Figure 1 Yielding Some C# Keywords Sequentially
using System.Collections.Generic;public class CSharpBuiltInTypes: IEnumerable<string>{ public IEnumerator<string> GetEnumerator() { yield return "object"; yield return "byte"; yield return "uint"; yield return "ulong"; yield return "float"; yield return "char"; yield return "bool"; yield return "ushort"; yield return "decimal"; yield return "int"; yield return "sbyte"; yield return "short"; yield return "long"; yield return "void"; yield return "double"; yield return "string"; } // The IEnumerable.GetEnumerator method is also required // because IEnumerable<T> derives from IEnumerable. System.Collections.IEnumerator System.Collections.IEnumerable.GetEnumerator() { // Invoke IEnumerator<string> GetEnumerator() above. return GetEnumerator(); }}public class Program{ static void Main() { var keywords = new CSharpBuiltInTypes(); foreach (string keyword in keywords) { Console.WriteLine(keyword); } }}
This is a continuation of that article, in which I provide more detail about the yield keyword and how to use it.
Iterators and State
By placing a break point at the start of the GetEnumerator method in Figure 1, you’ll observe that GetEnumerator is called at the start of the foreach statement. At that point, an iterator object is created and its state is initialized to a special “start” state that represents the fact that no code has executed in the iterator and, therefore, no values have been yielded yet. From then on, the iterator maintains its state (location), as long as the foreach statement at the call site continues to execute. Every time the loop requests the next value, control enters the iterator and continues where it left off the previous time around the loop; the state information stored in the iterator object is used to determine where control must resume. When the foreach statement at the call site terminates, the iterator’s state is no longer saved. Figure 2 shows a high-level sequence diagram of what takes place. Remember that the MoveNext method appears on the IEnumerator<T> interface.

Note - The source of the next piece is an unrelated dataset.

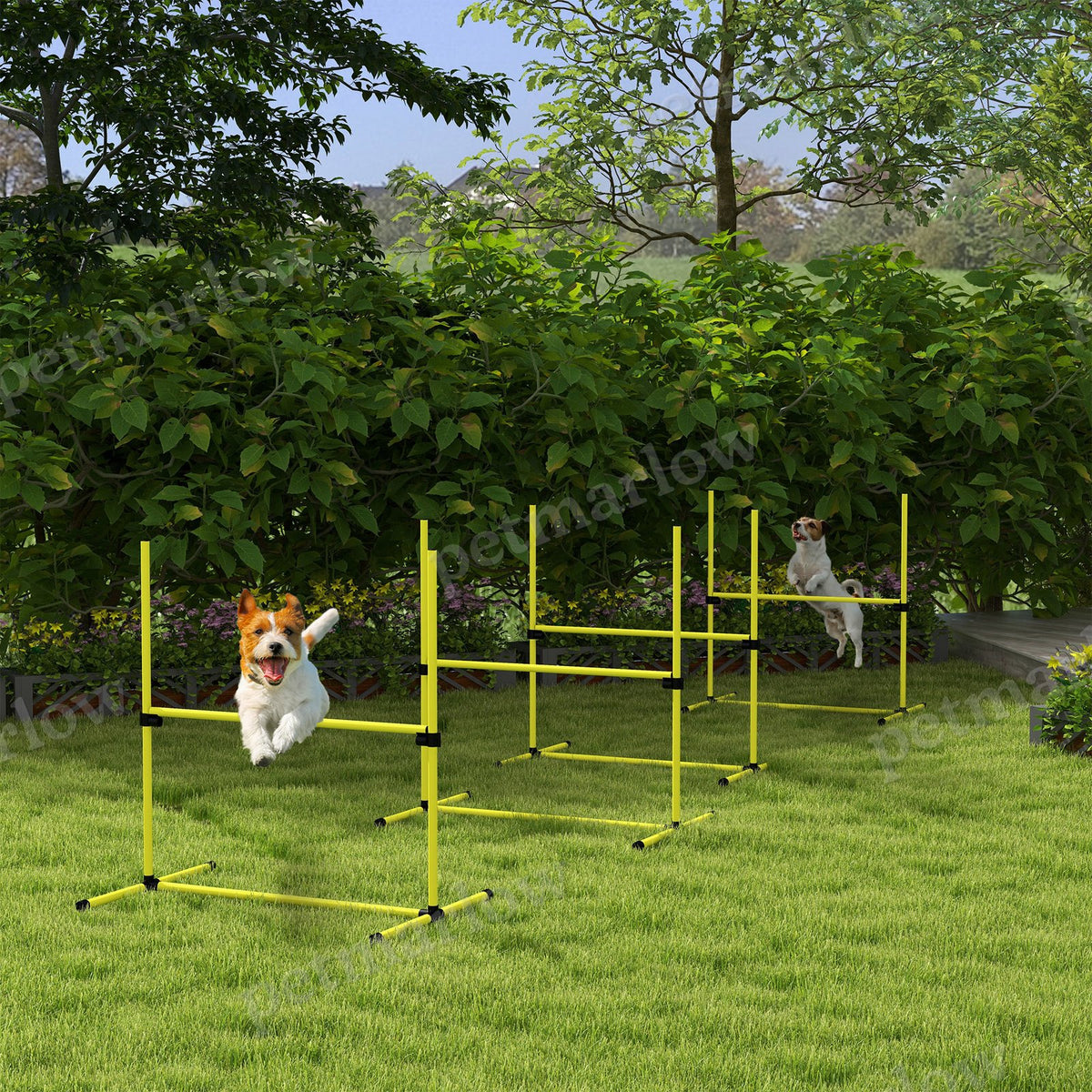 4 Piece Dog Agility Set with Adjustable Height Jump Bars – view 4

In Figure 2, the foreach statement at the call site initiates a call to GetEnumerator on the CSharpBuiltInTypes instance called keywords. As you can see, it’s always safe to call GetEnumerator again; “fresh” enumerator objects will be created when necessary. Given the iterator instance (referenced by iterator), foreach begins each iteration with a call to MoveNext. Within the iterator, you yield a value back to the foreach statement at the call site. After the yield return statement, the GetEnumerator method seemingly pauses until the next MoveNext request. Back at the loop body, the foreach statement displays the yielded value on the screen. It then loops back around and calls MoveNext on the iterator again. Notice that the second time, control picks up at the second yield return statement. Once again, the foreach displays on the screen what CSharpBuiltInTypes yielded and starts the loop again. This process continues until there are no more yield return statements within the iterator. At that point, the foreach loop at the call site terminates because MoveNext returns false.

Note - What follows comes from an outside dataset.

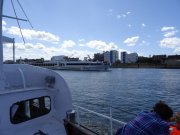 MSG_Polizeiboot_2017_gr_034.jpg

Figure 2 Sequence Diagram with Yield Return
Another Iterator Example
Consider a similar example with the BinaryTree<T>, which I introduced in the previous article. To implement the BinaryTree<T>, I first need Pair<T> to support the IEnumerable<T> interface using an iterator. Figure 3 is an example that yields each element in Pair<T>.
In Figure 3, the iteration over the Pair<T> data type loops twice: first through yield return First, and then through yield return Second. Each time the yield return statement within GetEnumerator is encountered, the state is saved and execution appears to “jump” out of the GetEnumerator method context and into the loop body. When the second iteration starts, GetEnumerator begins to execute again with the yield return Second statement.
Figure 3 Using Yield to Implement BinaryTree<T>
public struct Pair<T>: IPair<T>, IEnumerable<T>{ public Pair(T first, T second) : this() { First = first; Second = second; } public T First { get; } // C# 6.0 Getter-only Autoproperty public T Second { get; } // C# 6.0 Getter-only Autoproperty #region IEnumerable<T> public IEnumerator<T> GetEnumerator() { yield return First; yield return Second; }#endregion IEnumerable<T> #region IEnumerable Members System.Collections.IEnumerator System.Collections.IEnumerable.GetEnumerator() { return GetEnumerator();} #endregion}
Implementing IEnumerable with IEnumerable<T>
System.Collections.Generic.IEnumerable<T> inherits from System.Collections.IEnumerable. Therefore, when implementing IEnumerable<T>, it’s also necessary to implement IEnumerable. In Figure 3, it’s done explicitly, and the implementation simply involves a call to the IEnumerable<T> GetEnumerator implementation. This call from IEnumerable.GetEnumerator to IEnumerable<T>.GetEnumerator will always work because of the type compatibility (via inheritance) between IEnumerable<T> and IEnumerable. Because the signatures for both GetEnumerators are identical (the return type doesn’t distinguish a signature), one or both implementations must be explicit. Given the additional type safety offered by the IEnumerable<T> version, the IEnumerable implementation should be explicit.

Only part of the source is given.